Ghosts, vampires, and werewolves are experiencing a resurgence in fiction nowadays. Vampire lit is back in fashion, as is the kind of bleak, gripping horror writing that first found popularity with Edgar Allen Poe almost two centuries ago. Gothic writing is masterful when it’s done right, and it’s important to know the rules in order to do this genre justice.
Mood and Terror
The first thing to remember about gothic writing is that it is all about crafting mood and terror. If you look back at the more famous Poe stories, such as “The Fall of the House of Usher”, you can see that Poe begins to create his mood from the first line, crafting a scene of gray clouds, creepy old houses, and an otherwise forboding landscape. To create mood, writers must exercise consistency, using every image and every word choice as an opportunity to build upon the feeling they want to get across. Sometimes by overdoing it, Poe makes no mistake that fear and gloom are his moods of choice.
Read and study the masters
When embarking on a genre work like a gothic story, it’s important to study the masters and understand how they do what they do. Start by reading some Poe, then study modern gothic masters such as Faulkner (particularly his short story “A Rose for Emily”) and Flannery O’Connor (“A Good Man is Hard to Find” is an iconic work of hers). Ask yourself how Poe frightens the reader by building suspense, by using silence, and by disgusting the reader with frightening imagery. Ask how O’Connor sets up scenes of explosive violence in her story by hinting at them earlier.
After the jump: understanding the rules of the gothic genre.

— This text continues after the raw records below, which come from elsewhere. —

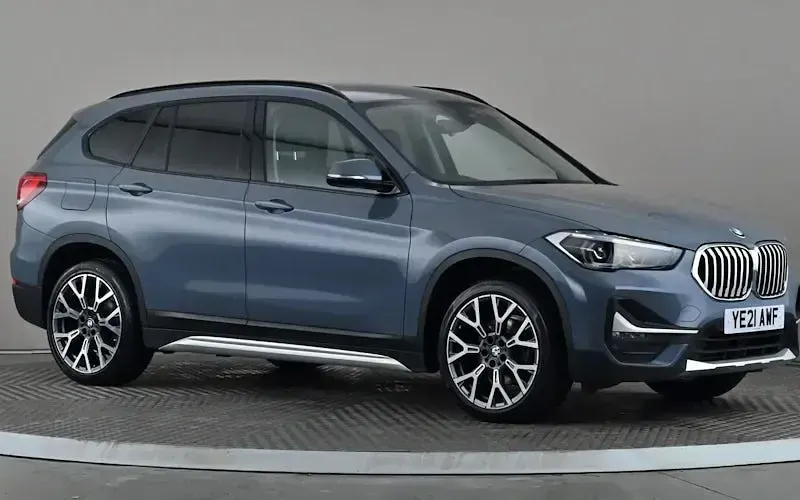 Used BMW X1 xLine 150 HP (110 kW) 2022 SUV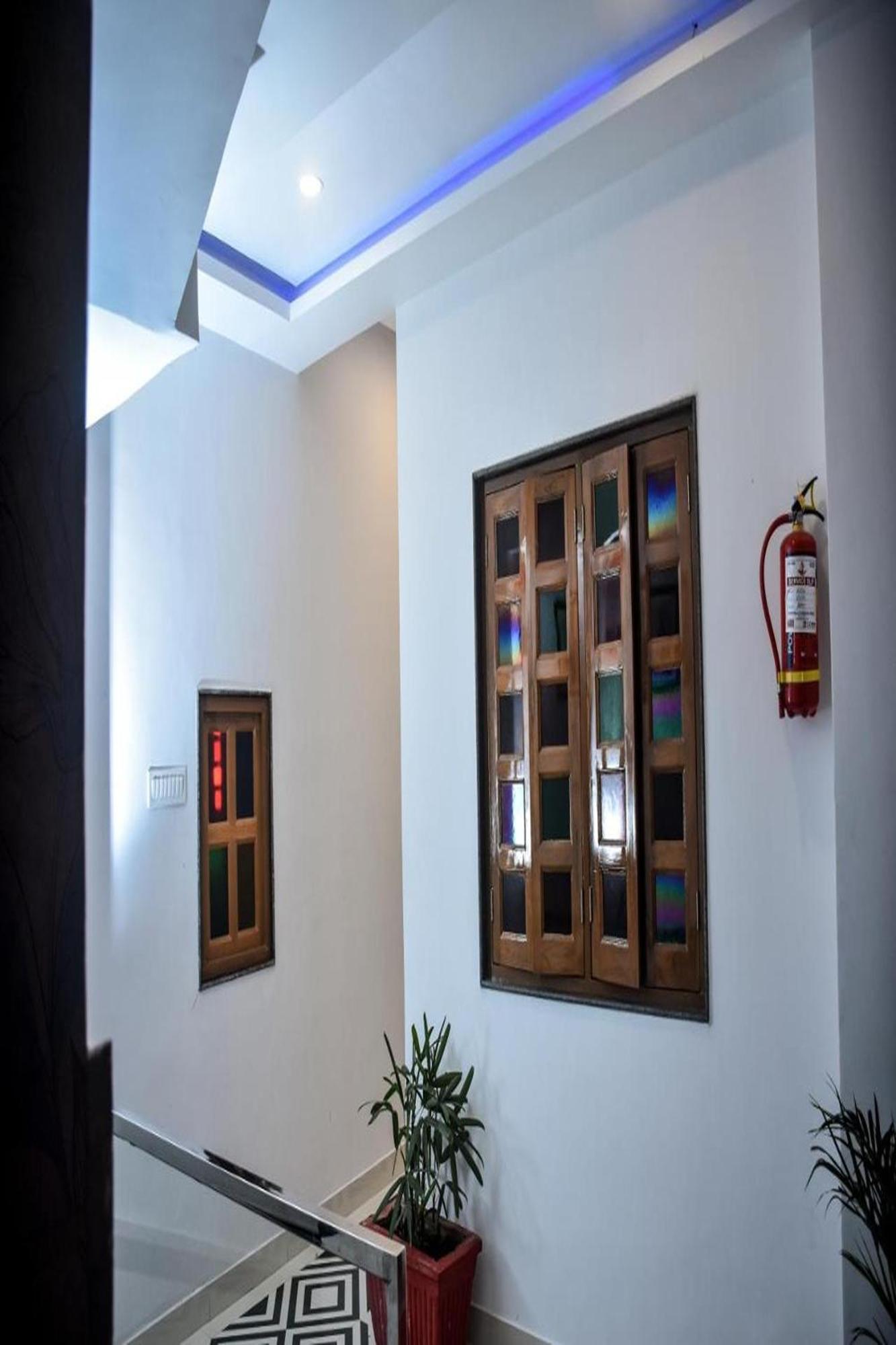 Hotel Lake Bridge Udaipur Luaran gambar
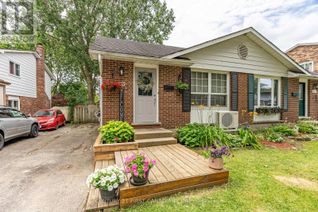 Semi-Detached House for Sale, 253 Brunswick Crescent, London, ON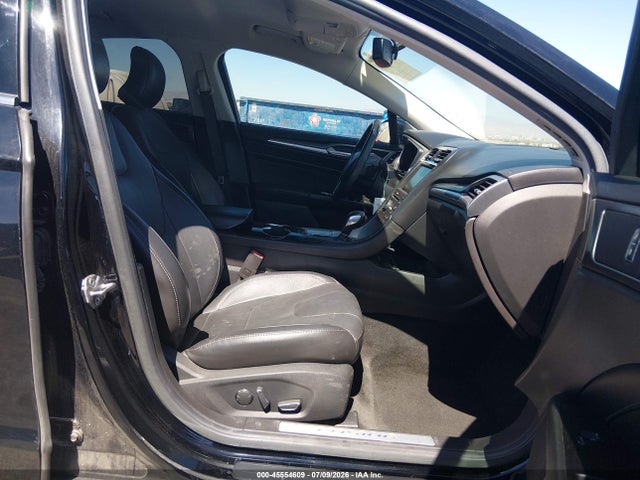 2016 FORD FUSION TITANIUM — фото 5
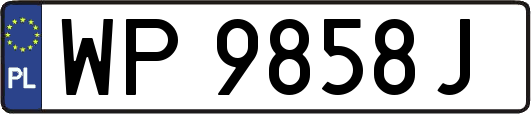 WP9858J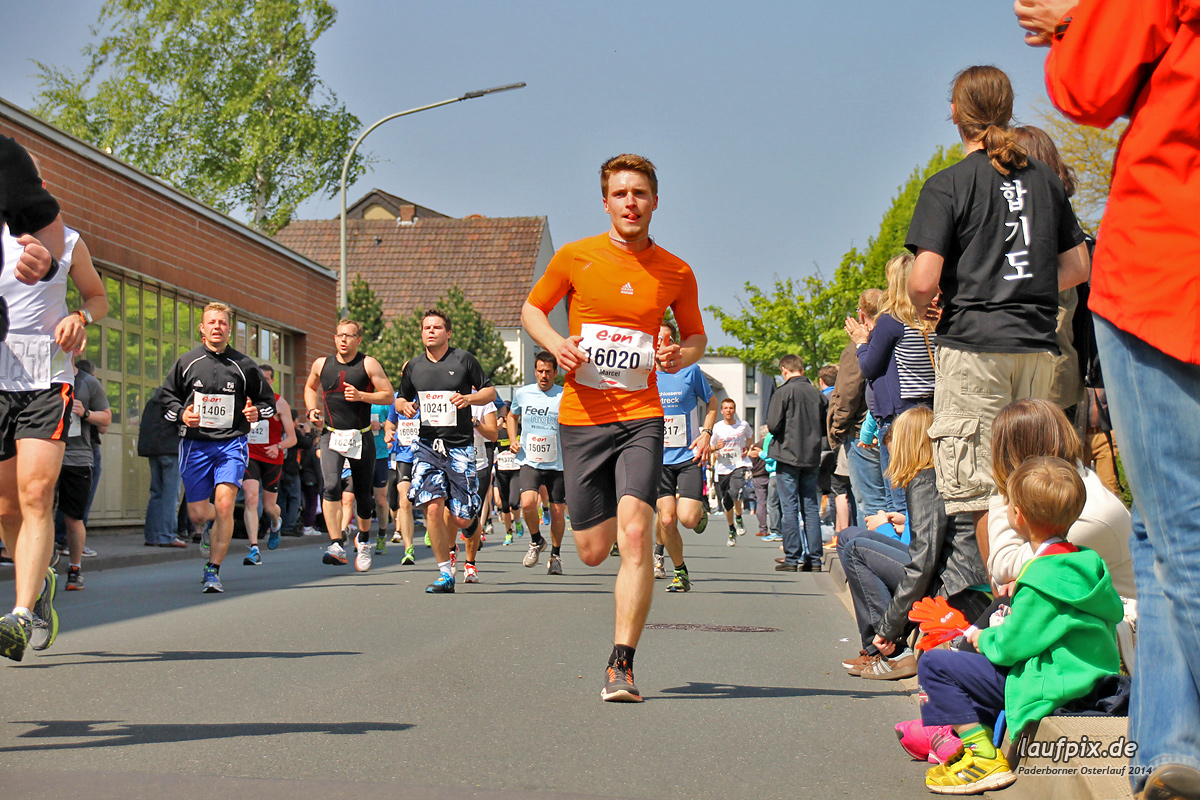 Paderborner Osterlauf 10km 2014 - 73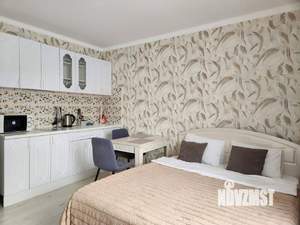 1-к квартира, посуточно, 24м2, 1/1 этаж
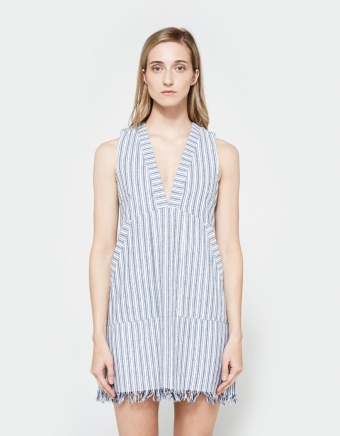 Palma Striped Dress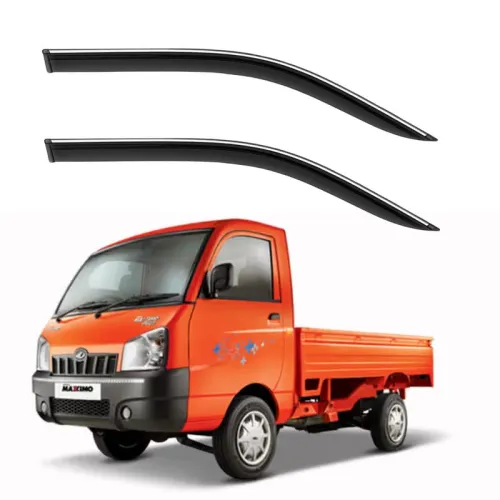 Image of CAR SAAZ® Side Door Visors Set of 4Pcs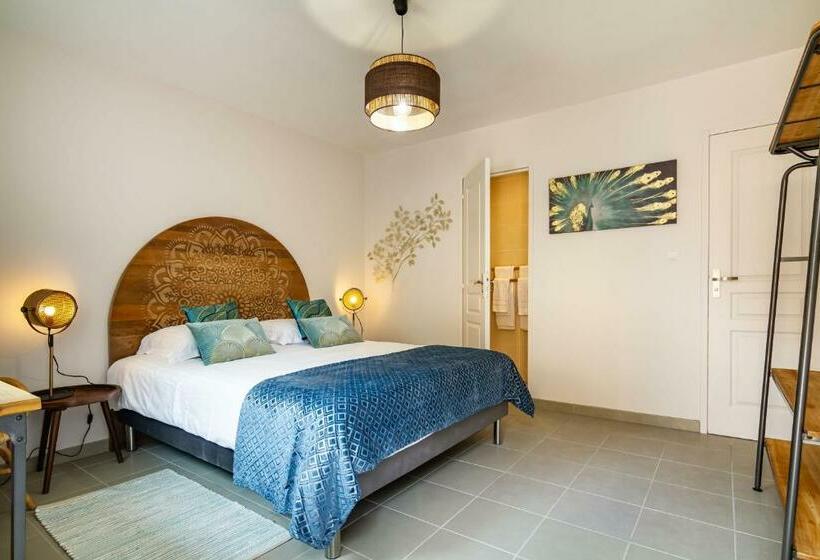 Cameră Confort, Le Clos Vallis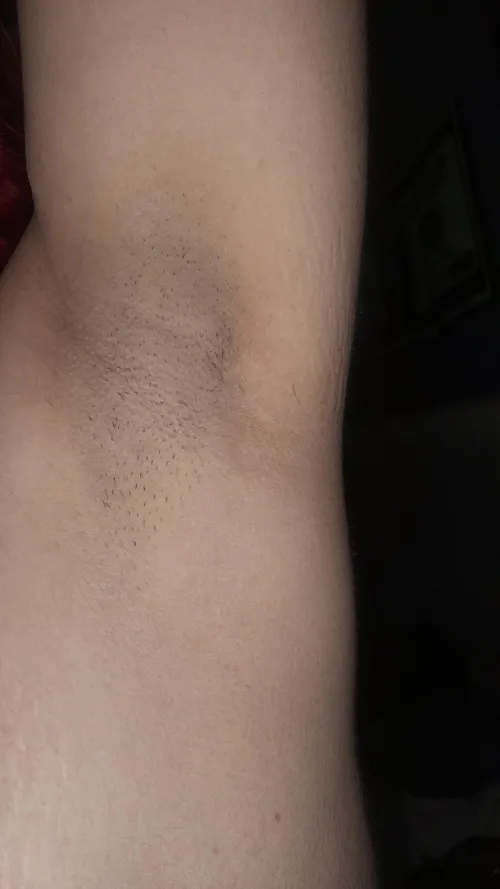 Thumbnail Hot or Not? Analyzing the Allure of Hairy Armpits with meganfuux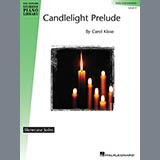 Carol Klose 'Candlelight Prelude'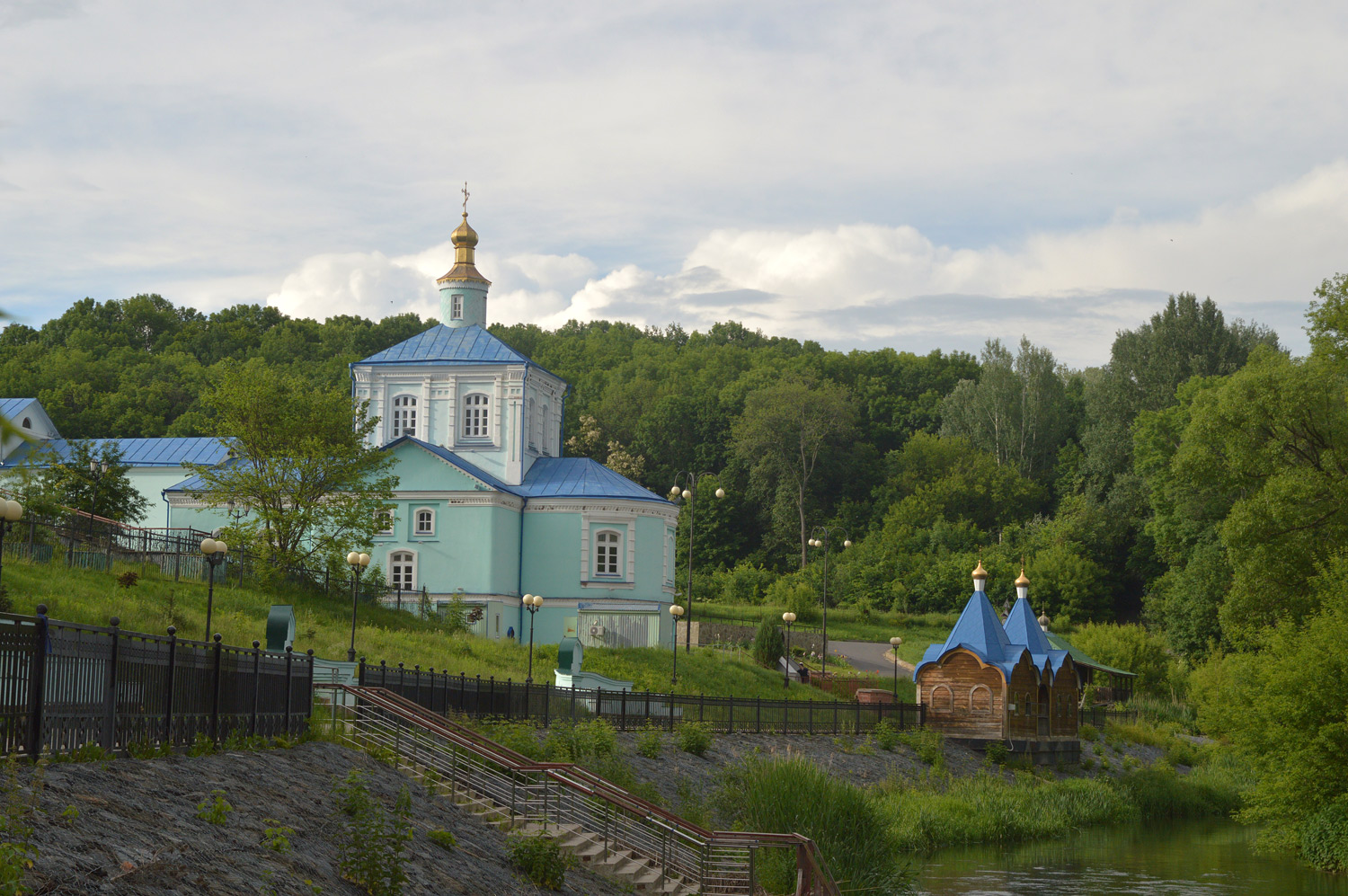 Золотухинский район, прочие н. п., пос. Свобода, Советская улица, 11
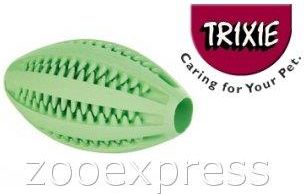Trixie Rugby Denta Fun nr kat.3290 - zdjęcie 1 Trixie Rugby Denta Fun nr kat.3290
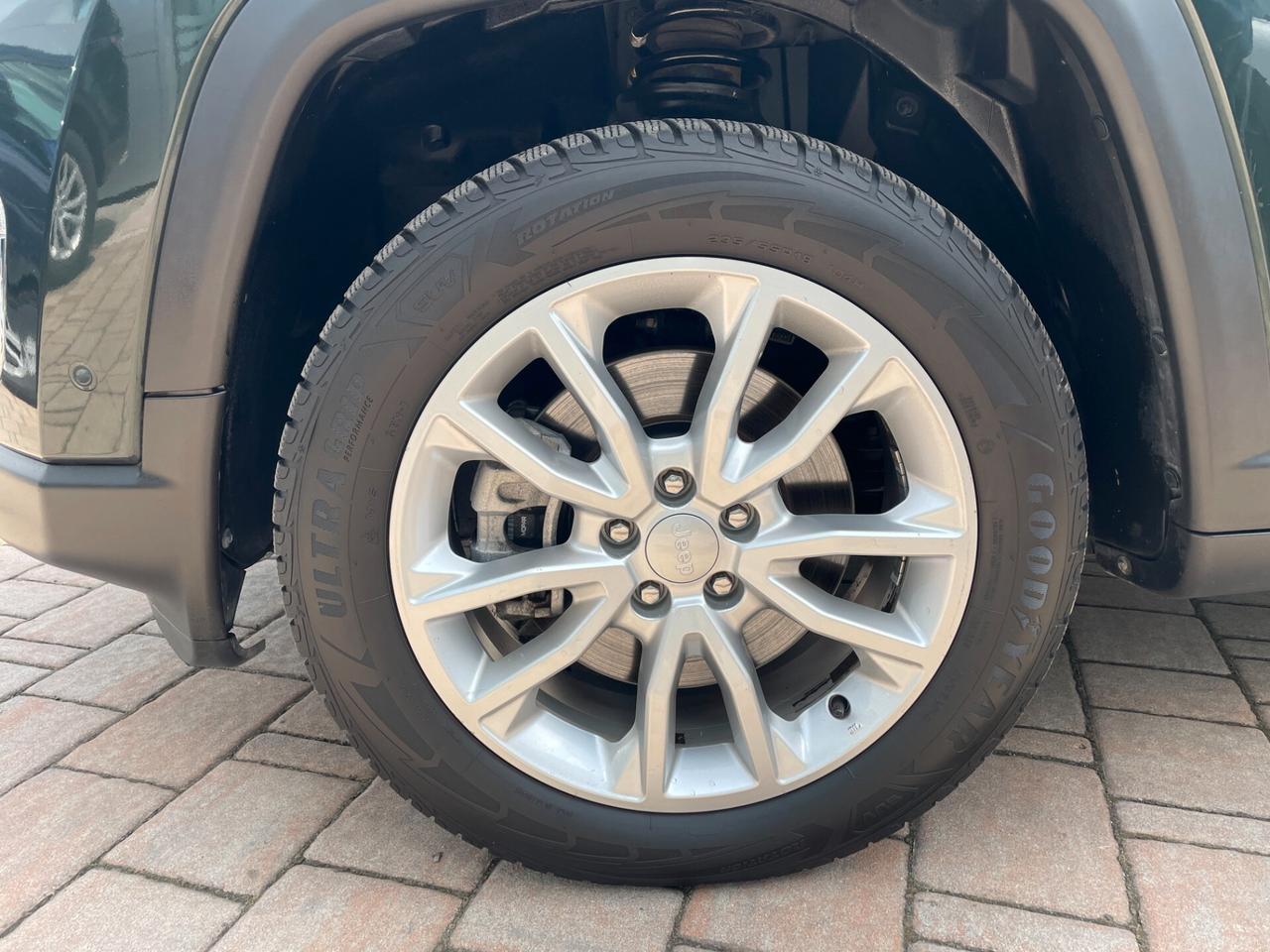 Jeep Compass 1.3 Turbo T4 190 CV PHEV AT6 4xe Business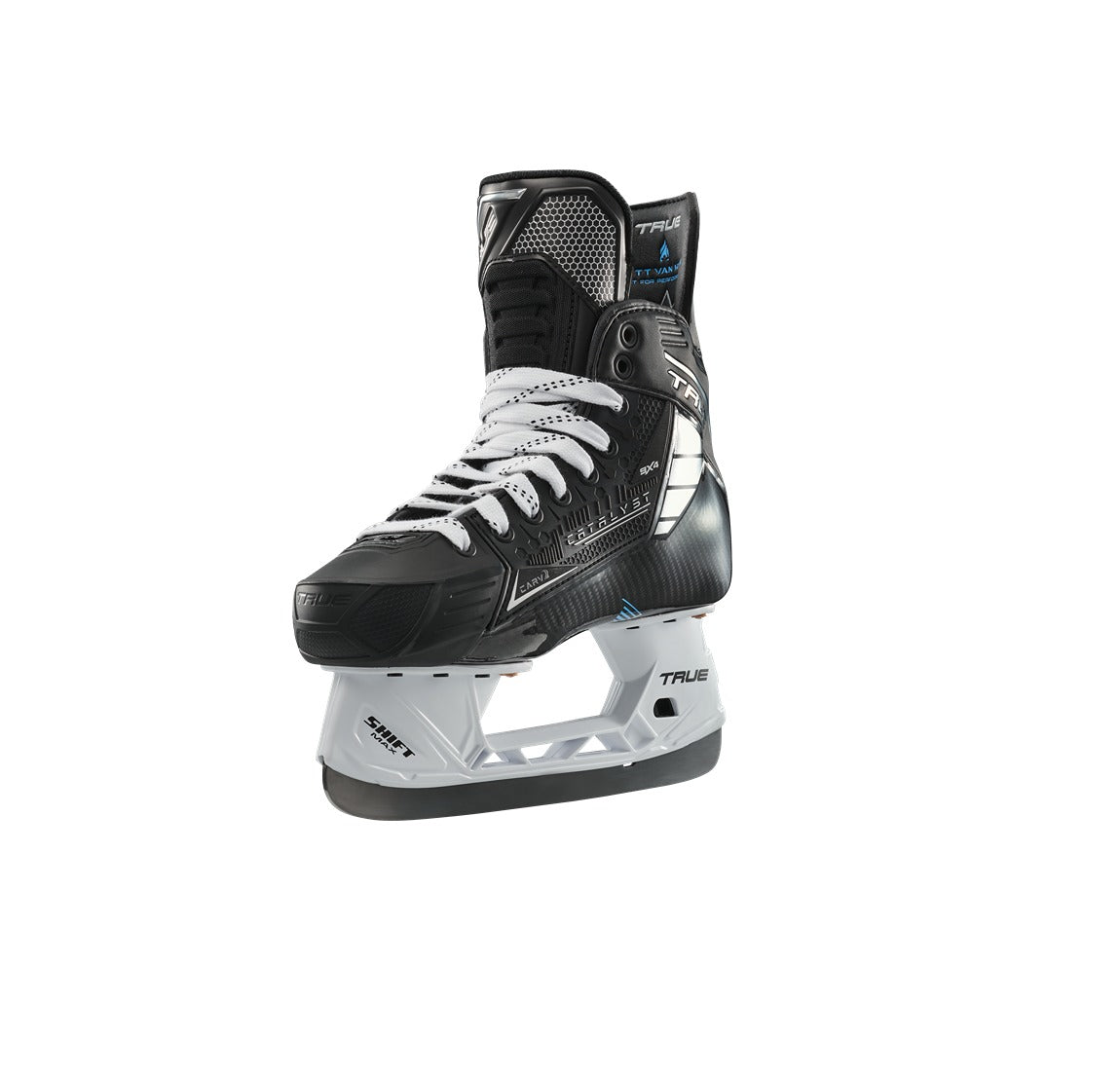 True Catalyst 9X4 Hockey Skates - Junior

Understand the rules of gothic writing.
The unique and often disquieting aspect of gothic stories is that they create a whole world similar to our own but a bit off. In this world, an uncertain kind of justice operates, in which people pay for their sins with their bodies. While a modern realistic story might have someone feeling guilty about acting cowardly, more often than not in a gothic story, a person pays for being cowardly by losing his or her life. This justice is everywhere in Poe’s stories, and in a more perverted way it appears in Faulkner’s and O’Connor’s work as well. Our bodies are the battlefield, gothic stories tell us, and the struggles of the heart play out on that battlefield.
Remember this strong sense of justice when you try writing a gothic story. In a more conservative and limited way, even lousy horror tales rely on this sense of justice: you’ve probably seen how it’s the “slutty” girls who get killed in bad horror movies, or the kids acting like jerks who get their violent comeuppance. It’s disappointing to see how horror movies aren’t just cheesy fun; they’re often policing gender roles and enforcing stereotypes by punishing nonconforming characters. But good gothic tales remind us of the complexity of sin and corruption by making it unclear whether a character deserves what he gets.
It’s also a good idea to read these classic stories with a critical eye. As one professor of mine stated, Poe is America’s “best bad writer”; when he’s good, he’s very good, but he can be an absolutely terrible writer at times. Try and point out the places where Poe needs an editor!